死心?
容闕捏緊了拳頭,絕無可能死心!
就算是死,她也必須死在他的懷裡。
他眼底染了一抹紅色,江淮景伸手捏住了紅木椅的扶手,知容闕在暴怒的邊緣,他又將臉上的笑意收了收,在彆處發瘋他可管不上,在他這裡發瘋,遭殃的還不是他?
“你應該知道她其實和皇後是一類人,看著好欺負,實則倔得很。陛下都拿皇後沒有辦法你能怎麼辦?”
容闕心亂如麻,正是因為他不知該怎麼辦,所以才隻能在此鬱悶地喝酒。
江淮景不想給他出主意,他就是故意看容闕笑話的,而他做為沈幼宜的未亡人,他其實更偏心沈幼凝。
容闕留給她的美好記憶並不多,反而徐玉,做為一顆冉冉升起的新星,他的未來還有無限的可能,他與沈幼凝的年紀也更合適些。
想到這裡他也不忘打擊容闕:“你比她年長太多歲了,其實也不合適的。”
容闕輕飄飄地看了他一眼:“你覺得你比我小很多嗎?”
他與江淮景是同年生的,也就差個月份而已。
真論起來,江淮景比他還要無恥一些。
搬起石頭砸自己腳的江淮景就不說話了,“行行行,我年紀大,我老糊塗了,我也給你出不了主意了,定南王請回吧。
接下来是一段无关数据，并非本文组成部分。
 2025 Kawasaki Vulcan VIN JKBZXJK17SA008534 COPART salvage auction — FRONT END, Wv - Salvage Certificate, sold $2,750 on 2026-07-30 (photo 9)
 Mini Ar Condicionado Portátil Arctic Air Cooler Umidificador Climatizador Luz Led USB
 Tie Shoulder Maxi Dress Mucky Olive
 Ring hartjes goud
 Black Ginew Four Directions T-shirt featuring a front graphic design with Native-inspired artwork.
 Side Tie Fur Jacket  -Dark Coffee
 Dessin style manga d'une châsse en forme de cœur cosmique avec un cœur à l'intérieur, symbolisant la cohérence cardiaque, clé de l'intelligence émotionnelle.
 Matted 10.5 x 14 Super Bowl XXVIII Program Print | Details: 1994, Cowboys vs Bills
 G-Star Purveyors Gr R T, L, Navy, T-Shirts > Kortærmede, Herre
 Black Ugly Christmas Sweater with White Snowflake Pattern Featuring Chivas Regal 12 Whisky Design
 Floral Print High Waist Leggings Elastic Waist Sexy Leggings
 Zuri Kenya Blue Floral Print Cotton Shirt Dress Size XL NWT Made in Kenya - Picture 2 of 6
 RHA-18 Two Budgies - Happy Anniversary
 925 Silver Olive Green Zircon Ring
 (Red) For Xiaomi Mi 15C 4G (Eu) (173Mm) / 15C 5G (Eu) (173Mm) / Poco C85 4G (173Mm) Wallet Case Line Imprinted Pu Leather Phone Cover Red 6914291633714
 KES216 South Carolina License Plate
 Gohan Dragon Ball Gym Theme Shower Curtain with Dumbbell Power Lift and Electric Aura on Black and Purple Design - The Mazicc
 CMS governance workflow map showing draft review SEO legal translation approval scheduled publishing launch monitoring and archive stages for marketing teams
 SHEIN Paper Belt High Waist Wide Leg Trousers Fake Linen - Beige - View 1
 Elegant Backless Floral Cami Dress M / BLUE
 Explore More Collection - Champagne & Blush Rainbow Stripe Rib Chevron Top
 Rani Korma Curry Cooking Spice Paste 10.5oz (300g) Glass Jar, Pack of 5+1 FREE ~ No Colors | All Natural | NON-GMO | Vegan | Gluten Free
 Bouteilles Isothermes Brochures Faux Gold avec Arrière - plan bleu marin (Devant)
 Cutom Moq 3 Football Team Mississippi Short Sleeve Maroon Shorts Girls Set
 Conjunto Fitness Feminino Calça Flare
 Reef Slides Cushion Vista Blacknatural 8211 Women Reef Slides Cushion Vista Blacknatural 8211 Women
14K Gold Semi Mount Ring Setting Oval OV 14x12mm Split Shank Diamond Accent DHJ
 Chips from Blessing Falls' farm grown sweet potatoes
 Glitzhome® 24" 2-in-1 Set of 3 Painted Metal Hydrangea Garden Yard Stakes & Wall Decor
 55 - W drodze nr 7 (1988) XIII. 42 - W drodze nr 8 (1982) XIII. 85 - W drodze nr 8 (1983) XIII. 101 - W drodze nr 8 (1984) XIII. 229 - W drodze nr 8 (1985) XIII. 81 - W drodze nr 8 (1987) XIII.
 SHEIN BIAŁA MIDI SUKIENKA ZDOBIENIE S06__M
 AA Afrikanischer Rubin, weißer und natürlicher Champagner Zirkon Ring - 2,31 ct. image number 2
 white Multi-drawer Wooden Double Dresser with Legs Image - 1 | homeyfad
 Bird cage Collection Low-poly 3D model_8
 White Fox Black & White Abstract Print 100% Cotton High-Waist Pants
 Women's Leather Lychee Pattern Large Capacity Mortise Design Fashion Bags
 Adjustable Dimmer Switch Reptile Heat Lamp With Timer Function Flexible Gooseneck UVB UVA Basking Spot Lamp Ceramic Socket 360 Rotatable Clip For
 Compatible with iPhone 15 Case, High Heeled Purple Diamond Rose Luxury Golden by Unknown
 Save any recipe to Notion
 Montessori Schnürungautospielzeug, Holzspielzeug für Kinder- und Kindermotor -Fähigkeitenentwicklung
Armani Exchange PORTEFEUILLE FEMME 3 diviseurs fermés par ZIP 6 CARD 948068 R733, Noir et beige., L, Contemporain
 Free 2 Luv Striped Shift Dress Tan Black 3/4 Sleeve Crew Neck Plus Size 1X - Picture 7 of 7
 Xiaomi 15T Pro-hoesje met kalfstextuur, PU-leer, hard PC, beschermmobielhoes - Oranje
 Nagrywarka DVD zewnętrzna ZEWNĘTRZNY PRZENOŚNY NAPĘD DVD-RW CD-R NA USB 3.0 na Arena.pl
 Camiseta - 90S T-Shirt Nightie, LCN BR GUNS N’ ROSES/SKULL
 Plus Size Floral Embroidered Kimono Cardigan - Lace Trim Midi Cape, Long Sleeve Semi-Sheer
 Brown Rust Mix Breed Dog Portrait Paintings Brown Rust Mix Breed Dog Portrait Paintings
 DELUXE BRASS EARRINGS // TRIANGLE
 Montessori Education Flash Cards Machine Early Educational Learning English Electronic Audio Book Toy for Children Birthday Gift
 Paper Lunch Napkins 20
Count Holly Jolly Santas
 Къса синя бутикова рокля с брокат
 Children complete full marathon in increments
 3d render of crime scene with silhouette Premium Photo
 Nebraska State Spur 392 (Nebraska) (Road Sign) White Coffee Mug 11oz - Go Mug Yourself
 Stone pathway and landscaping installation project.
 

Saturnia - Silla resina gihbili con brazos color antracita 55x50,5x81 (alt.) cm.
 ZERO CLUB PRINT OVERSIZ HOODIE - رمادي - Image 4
”
兩人鬨得不歡而散。
容闕出門時,沈幼才還守在門外,他倆的聲音不小,自然也是聽了些,知道跟前之人便是定南王後,沈幼才滿臉都是恐懼。
這便是那個一人一馬一杆搶便獨闖敵營的定南王容闕?
跟前的人還歪頭來看他:“想見你大姐嗎?”
沈幼才下意識地點頭。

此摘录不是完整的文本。